The MET Orchestra reigns and Goerke sings Sieglinde Maestro Yannick Nézet-Séguin and the MET Orchestra playing to a full house at Carnegie Hall. Photo: Chris Lee.

The MET Orchestra reigns and Goerke sings Sieglinde

John Hohmann

As the erotic energy of Strauss’ Don Juan gave way to its fateful conclusion, an audible gasp was heard in the audience. It diffused what was otherwise a profound and breathtaking moment of silence. The mighty MET Orchestra, reigning on stage for the second of its three concerts at Carnegie Hall, performed this complexly orchestrated tone poem with consummate power and precision that is arguably unmatched in the higher echelons of opera orchestras or symphony orchestras for that matter.

The evening was headlined by Wagner’s Die Walküre, Act I with soprano Christine Goerke, the MET’s current Brünnhilde, singing Sieglinde for the first time. But is was the Strauss and Yannick Nézet-Séguin’s conducting, thoughtful and gyroscopically nimble, that immediately captivated the full house.

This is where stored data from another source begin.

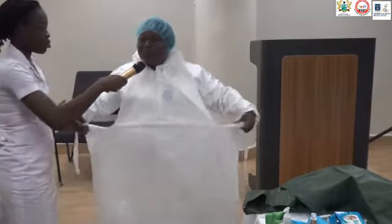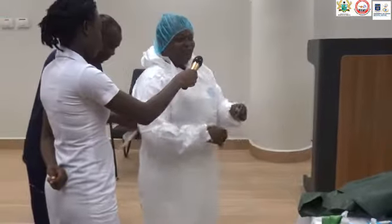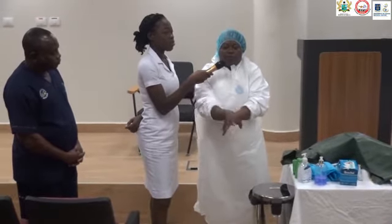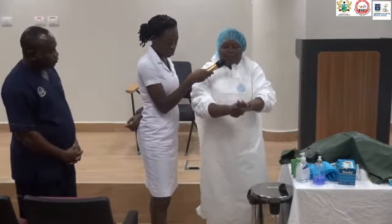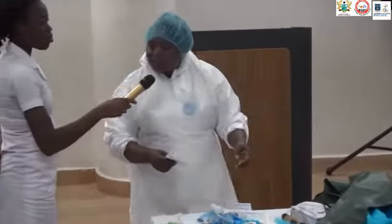Today I want my supervisor to tie it for me, although I can tie it myself. I'll pull this here, keeping my fingers again — palm to palm, interlacing, capping, cleaning my thumb, and then my wrist. In some cases you can wear an examination glove underneath and wear the surgical glove on top.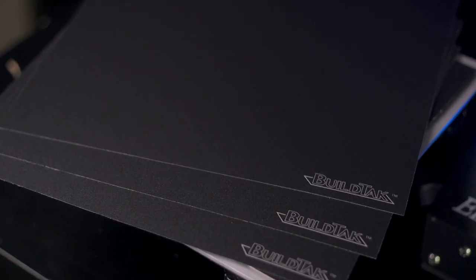If after giving the bed more heat, a thorough cleaning, and proper first layer adjustments you are still experiencing adhesion issues, my suggestion is it is time to replace the Build Tack, which is why they are offered in three packs.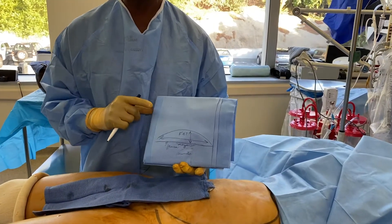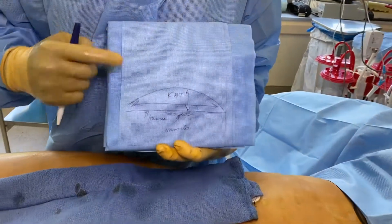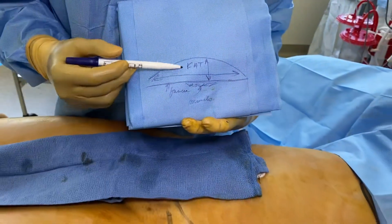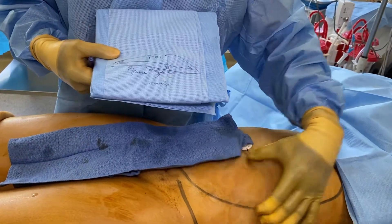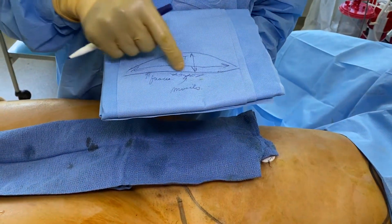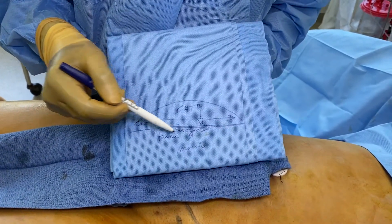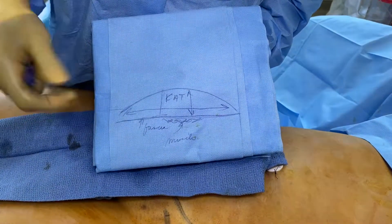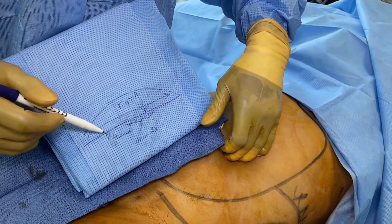I want you to understand exactly how liposuction works. If we look at this as the skin, and the fatty tissue here from here to here — fatty tissue, fat. Here's the fascia, the covering of the muscle, and then muscle. I'm pinching a fat layer. I push in hard, I feel the fascia and muscle. We're working all in the fat layer.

The opening of the complexly orchestrated violin I score for the Richard Strauss tone poem Don Juan. Image courtesy of

Don Juan challenges a conductor to search beyond the spectacle of its requisite revelry and corrupted romance. Nézet-Séguin, while sacrificing none of the fireworks, infused it with beautifully rendered substance and emotion, most evident during the final moments but surfacing throughout. Recognizing individual musicians or even sections of this group is like asking parents which of their children they favor most but the superb solo work by concertmaster David Chen, principal oboist Nathan Hughes and the triumphant horns cannot go without mention.

Prone to understatement and with congenial informality Nézet-Séguin described Missy Mazzoli’s Sinfonia (for Orbiting Spheres) as a considerably calmer piece than its concert predecessor. It shimmered with undulating repetitions leading this writer to contemplate beautifully enigmatic spheres of unknowable breadth, spheres that interacted in ways that defy definition. It appeared that all spheres may not be created equal. Even in a kaleidoscopic world there was, as in Don Juan, a sense of foreboding as if some sort of reckoning might await.

Composer Missy Mazzoli, whose Sinfonia (for Orbiting Spheres) followed Strauss' Don Juan with the MET Orchestra at Carnegie Hall. Photo: Marylene May.

Mazzoli’s relationship with the MET extends beyond the concert stage to an opera commission in progress based on George Saunders’s novel Lincoln In The Bardo. Nézet-Séguin reminded us that in the 2021-22 season the MET produced three new operas, Eurydice, Fire Shut Up In My Bones and Hamlet, with more to come.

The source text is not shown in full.